- _Work task_
Output the whole listing exactly, with no pictures.

- _Data provided_
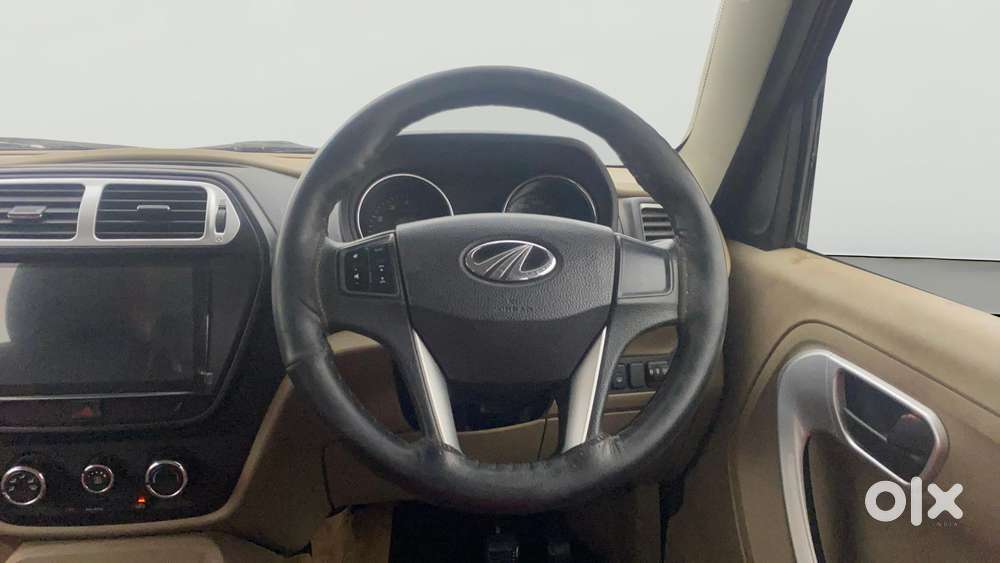 Mahindra Tuv 300 T8 Amt, 2017, Diesel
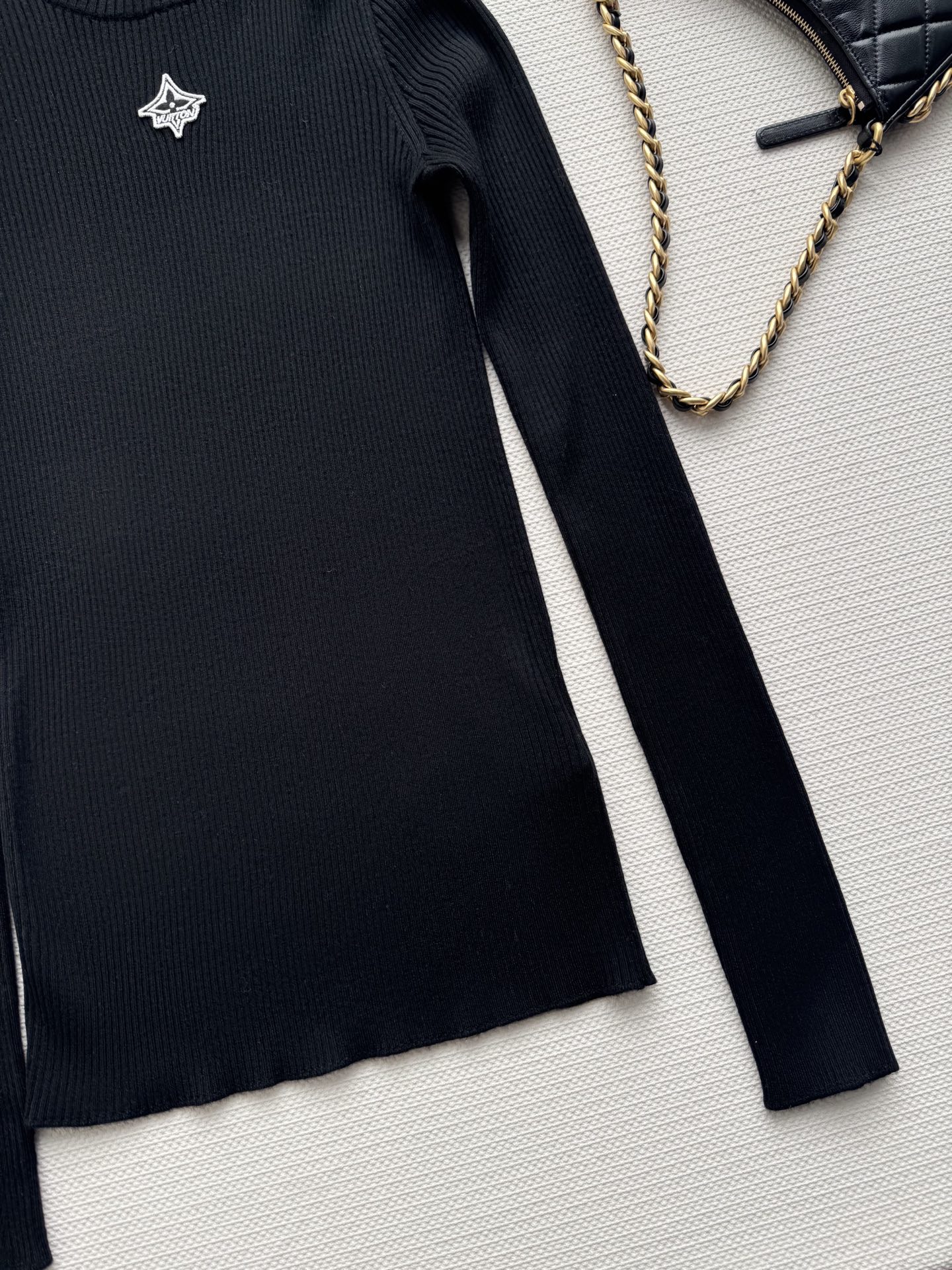 Louis Vuitton Black Wool Knit Top: Luxurious & Practical | Winter Collection 6 i1763872289004 1306 0 5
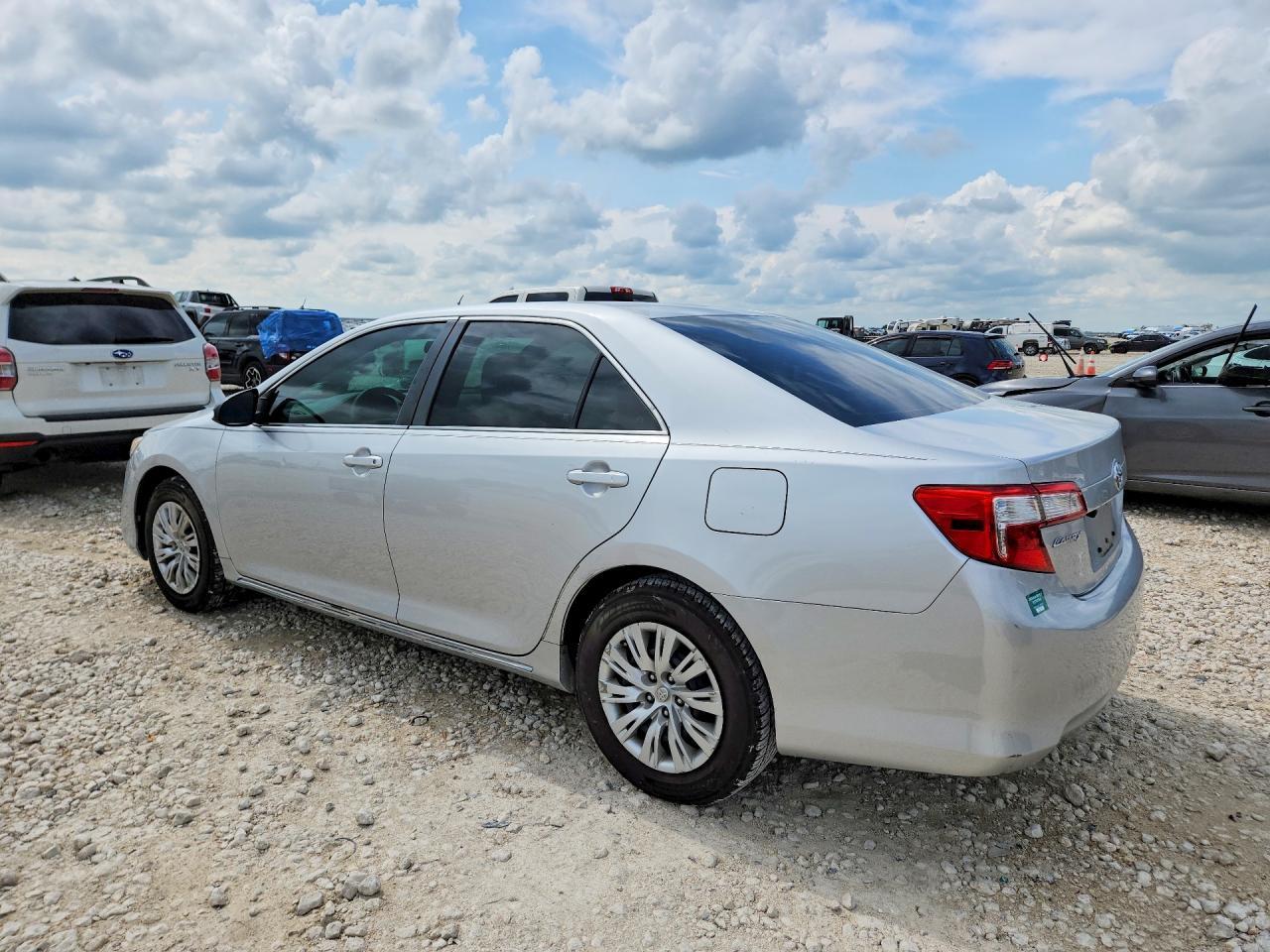 2014 Toyota Camry Le - Фото 2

- _Exercise solution_
 Mahindra Tuv 300 T8 Amt, 2017, Diesel
 Louis Vuitton Black Wool Knit Top: Luxurious & Practical | Winter Collection 6 i1763872289004 1306 0 5
 2014 Toyota Camry Le - Фото 2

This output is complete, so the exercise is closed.